The number one argument GOP corporate parrots use against raising the minimum wage is that it will kill businesses. When Seattle put in place a plan to raise the minimum wage to $15 an hour, lawmakers, lobbyists and CEO’s focused on the business most likely impacted: Restaurants.
Restaurants have a long-standing tradition in this country of passing the burden of paying their servers on to their customers in the form of tips, and lawmakers have made it easier by allowing them to pay them a pittance in the amount of $2.13 an hour. On a slow night, servers sometimes walk away with next to nothing but a loss of eight hours of their lives.
Data out of Seattle, courtesy of The Big Picture, shows that the wage increases aren’t deterring people from opening restaurants, and contrary to popular pig-headed GOP belief, restaurants aren’t closing their doors.
Permits for new restaurants have remained consistent. The number of restaurants in Seattle isn’t decreasing due to fear of people earning the living they deserve. Since 2013, when the new minimum wage laws were first introduced and looked like an absolute certainty, the number of places to eat in Seattle has increased:
Papa John would probably disagree, but let’s face it; nobody cares what he thinks.
In the midst of the debate and fear-mongering by people who may be able to afford one less luxury vehicle a year due to the law, one Seattle restaurant has put all their eggs in the $15 an hour basket, choosing to enact the full wage increase years ahead of schedule.
Ivar’s, a popular seafood chain in the area, has given every employee a raise to the $15 an hour and enacted some clever policies to cover the cost.
They increased their menu prices by 21 percent and posted that they no longer encourage tipping. They don’t forbid tipping, and customers have made it clear that they will still tip for good service.
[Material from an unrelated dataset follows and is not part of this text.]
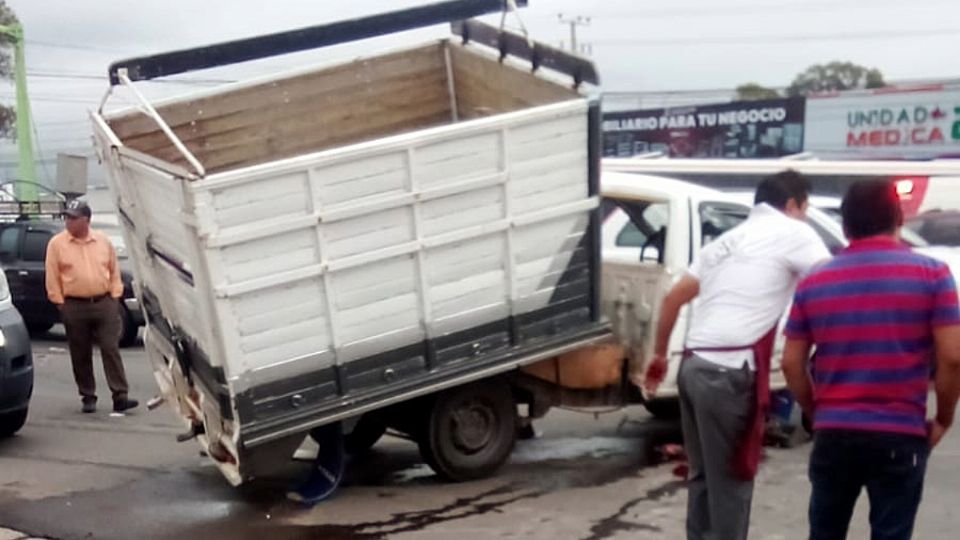El autobús de pasajero embistió de frente a la camioneta en la que viajaban los jóvenes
Of the 21 percent increase, 17 percent will go to the servers for lost tip revenue and the other 4 percent will cover the wage increase.
Ultimately what Ivar’s is saying is that realistically it only takes 4 percent increases in food prices to cover a $15 minimum wage, and that applies to every employee in the restaurant, not just servers.
Outside of Seattle, Ivar’s is increasing their wages to $11 an hour with a 3 percent increase in costs to cover the cost.
Seattle will provide the country with the data it needs to determine if the wealth inequality we’ve experienced since giving more to “job creators” and less to those who make their businesses successful skyrocketed in the last three decades.
So far it’s not looking good for those who side with greed.